Justo al lado se paran los desatendidos, los regalados, lo que viven en zonas de guerra, los agotados, que tuvieron que comprar un acumulador extra para procesar el odio que vienen produciendo. Y los que no pueden más de gestionar los dolores de otros.

Sin ese piso, expresándose las 24 horas, masticando memes y chupando tele, viviendo a pleno en el mundo de la moneda caliente (nada de cálculos fríos, acá hay euforias y descontroles) y afirmando la existencia de una «cultura de la pobreza» cuyo seudónimo es «circulo vicioso» y en su lápida dice que siempre estuvieron perdidos, este es un mundo donde podés alquilar hasta la almohada de tu cama las horas que no la usás. En este mundo el racismo ya no es sólo un dispositivo de gobierno del trabajo y un operador de fijaciones en una sociedad de agentes en movimientos sino un pedido bastante claro: el que no produce dinero y sólo lo consume, debe morir. Por eso se corre la frontera de la legalidad: si hasta incluso los jefes narcos se van convirtiendo en estrellas de la cultura popular.

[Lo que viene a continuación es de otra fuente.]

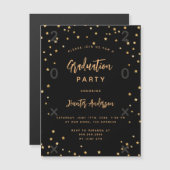 Invitation Magnétique Graduation party or noir étoiles année luxe (Devant / Derrière)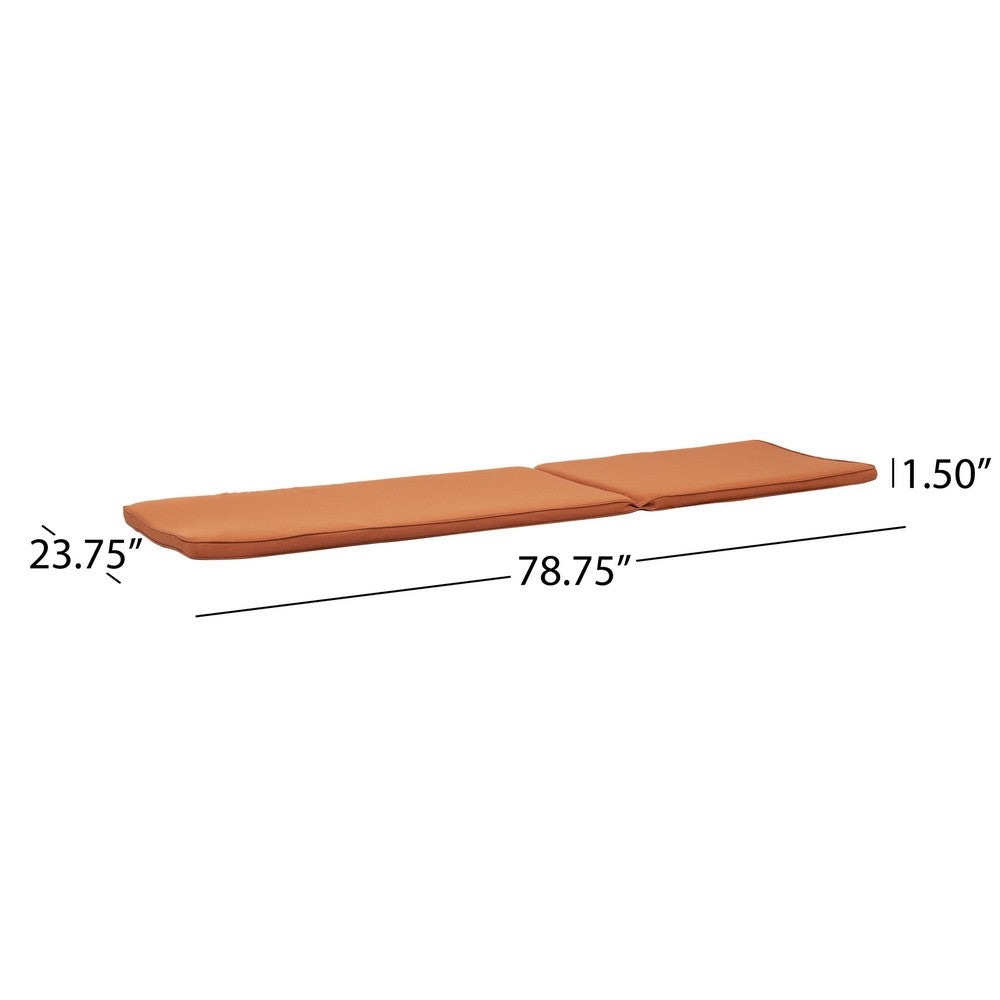 Pina Cushion for Outdoor Chaise Lounger, Waterproof Orange, 79 Inch -BM335352
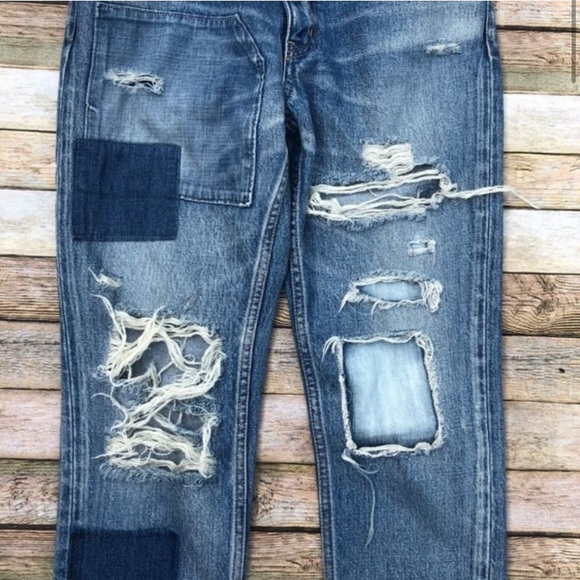 Moussy Distressed Patch Jeans - Picture 2 of 8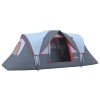 Outsunny Tente de camping familiale 5-6 pers. - tente tunelle imperméable légère ventilée facile à monter - grande porte + 2 fenêtres - 4,55L x 2,2l x 1,8H m fibre verre polyester oxford gris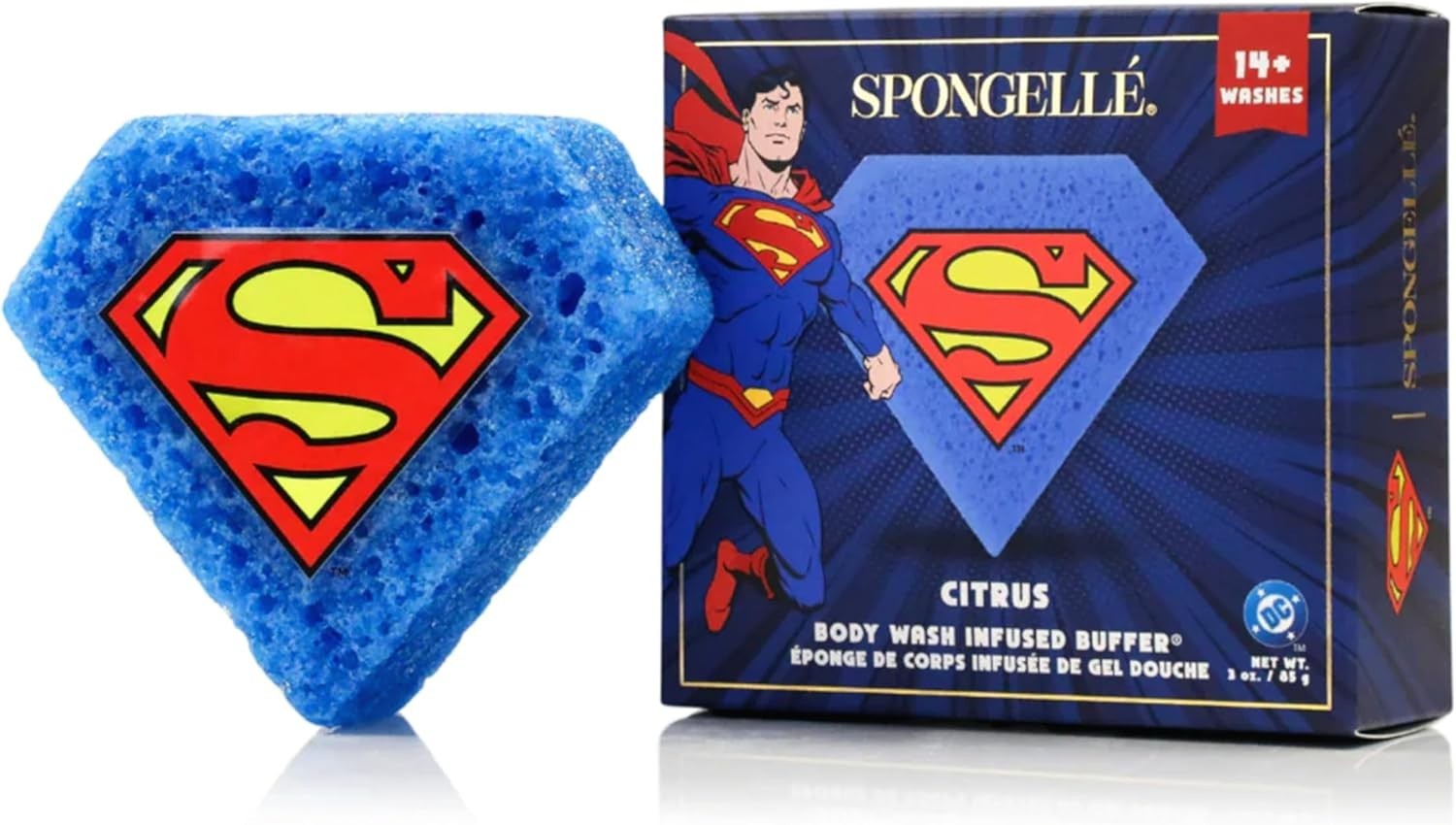 Spongellé Superman Citrus Body Buffer DC Super Hero Collection Body Wash Bar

Polipolicía | Ilustración: Martín Vera

La opaco es cada vez más transparente. Habrá muertes de los cuerpos digitalizados (el uso policial de Blockchain apunta a eso), habrá muertes de los cuerpos sensibles (el uso estatal de la policía y las fuerzas de seguridad, el despliegue de las mafias), habrá muertes de cuerpos trabajadores.

Entramos en la era de la crueldad frontal. Como la de los conquistadores españoles, que les leían a los indios una declaración en la que les decían que si no obedecían los mataban a todos. Salvo que los indios no entendían la lengua del conquistador y nosotros, sí. Se acabó la hipocresía de los injustos con culpa, entramos en un mundo donde muchos ejercen y exigen la desigualdad absoluta, irreparable, estamental. Vindicativa. El proyecto de un mundo que combine tramas tecnológicas, monetización absoluta, estamentalidad y eliminación. Es el programa de gobierno, por ejemplo, de Bolsonaro, pero también de muchos otros que no necesitan invocar a represores, violaciones o racismos modelos siglo XIX/XX para, en el fondo, querer exactamente lo mismo: un totalitarismo de mercado que vuelva a concentrar la posibilidad de la violencia, para saber, por fin, dónde empieza y dónde termina el miedo.